An Art Dealer in Milan Has Been Convicted of Trying to Sell a Forged Josef Albers Painting

The director of the Josef Albers Foundation deemed the painting a fake in 2016.

A similar work from Josef Albers's series, Homage to the Square (1971) © 2017 The Josef and Anni Albers Foundation. Courtesy David Zwirner, New York/London.

An Italian art dealer has been convicted of attempting to sell a forged Josef Albers square painting for €320,000 ($387,000). 

The Court of Milan found Gabriele Seno guilty in September and issued him a suspended prison sentence of one year and eight months, plus €4,000 ($4,800) in fines. Seno argued that he had inherited the painting from his father, who purchased it in 1986, and that the certificate of authenticity had been lost. 

He is now appealing the ruling. Seno’s lawyer did not respond to a request for comment. 

The artwork in question, a purported “Study for Homage to the Square” painting in yellow and orange, was deemed a fake by Nicholas Fox Weber, executive director of the Josef and Anni Albers Foundation.

“Mr. Weber examined the painting and immediately noticed that it was an imitation,” reads the judge’s ruling. Tipping him off was the “technique of application of color and to the artist’s signature on the painting, apparently referable to Albers, but unquestionably apocryphal to his expert eye,” the ruling continues.  

Josef and Anni Albers at Black Mountain College in 1949.Photo: Theodore Dreier via Josef & Anni Albers Foundation

Josef and Anni Albers at Black Mountain College in 1949. Photo: Theodore Dreier via Josef and Anni Albers Foundation.

Jeannette Redensek, an art historian and director of Josef Albers’s catalogue raisonné, also affirmed Webers’s belief at the time.
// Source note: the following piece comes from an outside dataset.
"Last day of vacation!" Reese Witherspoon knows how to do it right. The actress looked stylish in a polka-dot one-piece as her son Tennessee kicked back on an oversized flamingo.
She suspected that the painting belonged to a group of Albers forgeries that first appeared on the market in the 1980s.

Indeed, counterfeits have long been a problem for the Albers Foundation, which may not come as a surprise given the deceptive simplicity of Albers’s squares-in-squares paintings. 

“People think they are easy to forge as essentially they are three squares, but in fact [forgeries] are quite recognizable,” Weber recently told the Financial Times, adding that the same tell-tale clues that gave away Seno’s alleged forgery—that is, the location of the signature and the way the paint was applied—tend to dog most facsimiles.

“The main point here is that you cannot rely on a catalogue before buying an authentic Albers,” Dario Jucker, an Italian lawyer who represented the Albers foundation in the case, tells Artnet News. ”You need a direct examination and a certificate from the foundation.”